Last night we had spoken to Miljan about our plans for today, about riding to Nikšić and then on to the coast. He told us that we would love riding through Tara canyon, and when we corrected him and mentioned that we would be taking the track via Jasenovo he looked at us like we just told him we would simply beam up to Nikšić using the Star Trek transporter beam.
That road would be in way too bad a shape he assured us. But I’ve learned that although local knowledge can be greatly helpful, it can just as easily be exaggerated and not really take into account the things adventure riders look for in their trips. So I figured we would just give it a go. Besides, that track would take us right past Kapetanovo Jezero and I had read a report by some Austrian guys that had camped there and also inmate Gliga had mentioned it was a really nice place. I just didn’t think about what road they had taken to get there… And, you know, it looked like a doable road on Google Earth when I had checked it out while planning this trip.

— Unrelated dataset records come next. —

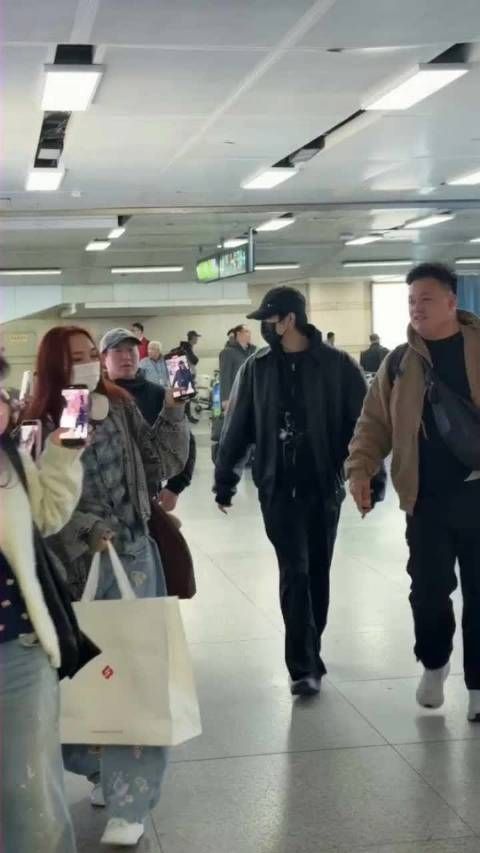 陈飞宇巴黎时装周完美帅飞法兰西 回国大连路透来了，又瘦又高又帅，皮衣的神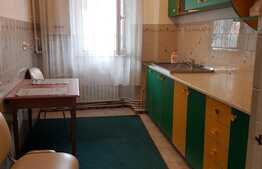 Apartament 3 camere, 72 mp, decomandat, zona Aurel Vlaicu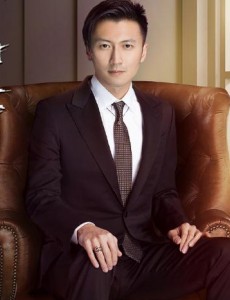 《我们的乐队》王俊凯音乐综艺首秀 三帅同台玩摇滚炸翻全场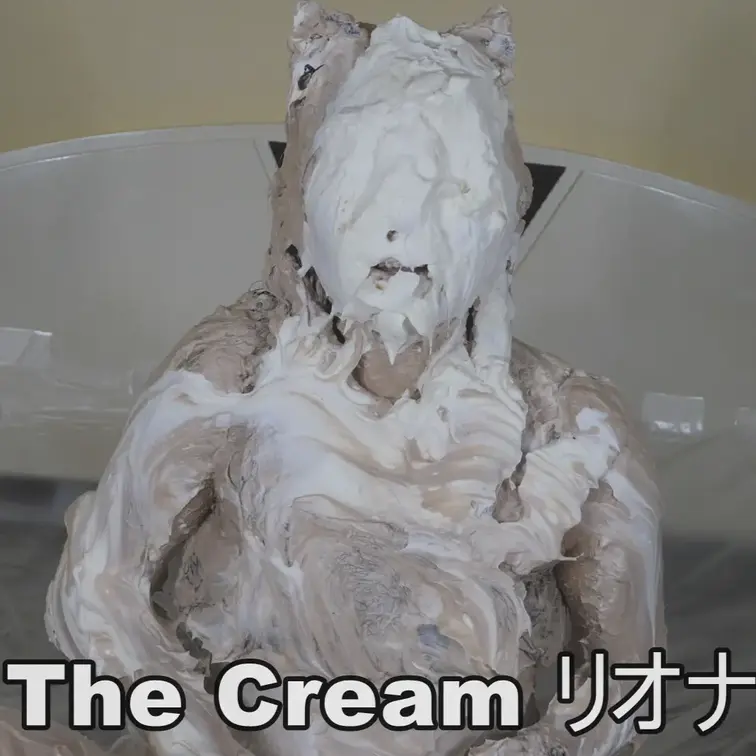 The Cream　リオナ　　3,300円
かわいいリオナさんがパイ投げメッシーに挑戦！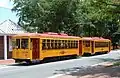 Zwei Triebwagen an der Haltestelle Historic Arkansas Museum in Little Rock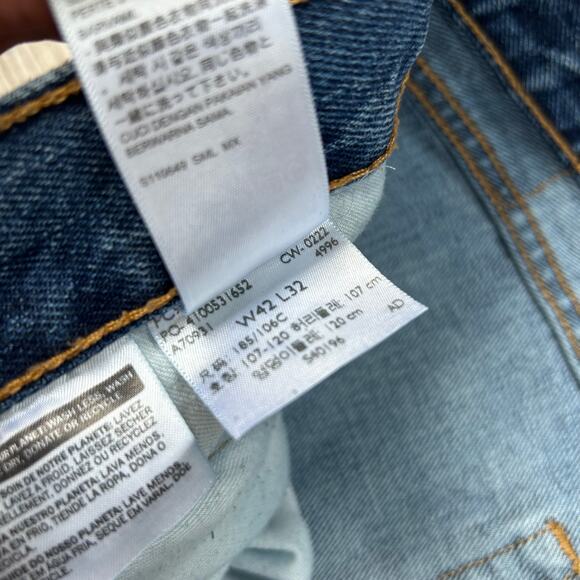 Levi’s 505 Regular Fit Jeans W42 L32 Zip Fly Straight Leg Medium Wash - Picture 7 of 7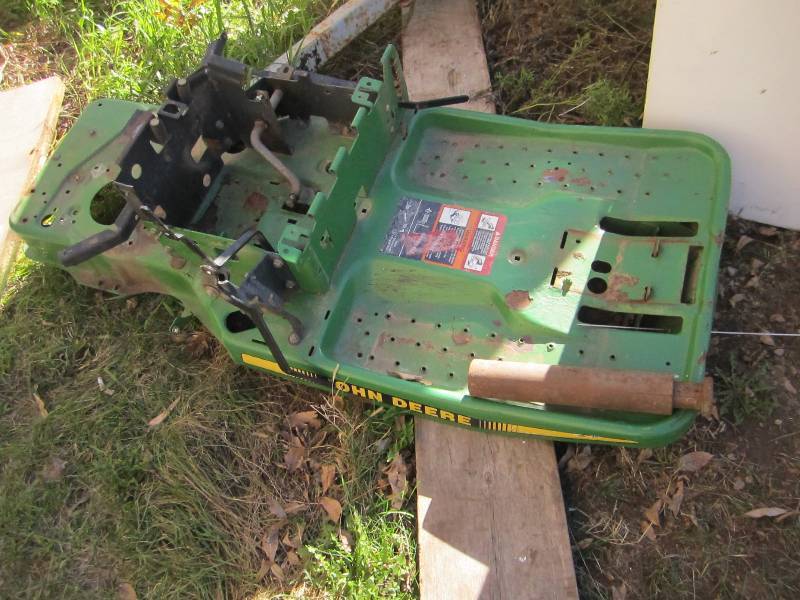 lot 80 image: John Deere mower platform...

We were up early again this morning and by 7:30AM we were on the gravel road up into the hills that turned off the main road very near to the monastery. In any case the day started off pretty nice with a promising sun.
The first part of the track was pretty nice and easy. It even looks like it is in regular use, at least for the first 10km.
But after that it deteriorates. There’s some pretty steep inclines and very tight hair pins. The stretches between the trees turn quite muddy and slippery as well. On the steeper parts the surface is a mix of gravel and fist sized rocks with plenty of washouts. The lower, flatter parts regularly have small streams crossing the road. On top of that it has started drizzling again.
About half way up we take a little breather and snack on some cookies and Snickers to get the energy levels up again.
I see that Sofie is struggling in places, but it is more a confidence issue than a lack of skills. I had to help her up a few times when she lost momentum and toppled over because she couldn’t get her feet down properly. But she’s a tough cookie and doesn’t give up. She tackles everything herself and never once asks me to ride the bike across one of the more difficult sections.
The toughest parts are the sections with a mix of cambered rock slabs that have turned very slippery from all the rain and deep washouts filled with fist-sized rocks. Weather has cleared out though and when we finally reach the top of the plateau the track becomes a lot better again. What we get to see there is definitely worth all the effort. We’re closing in on Kapetanovo but first there’s a mountain stream rushing across the path that we need to cross first.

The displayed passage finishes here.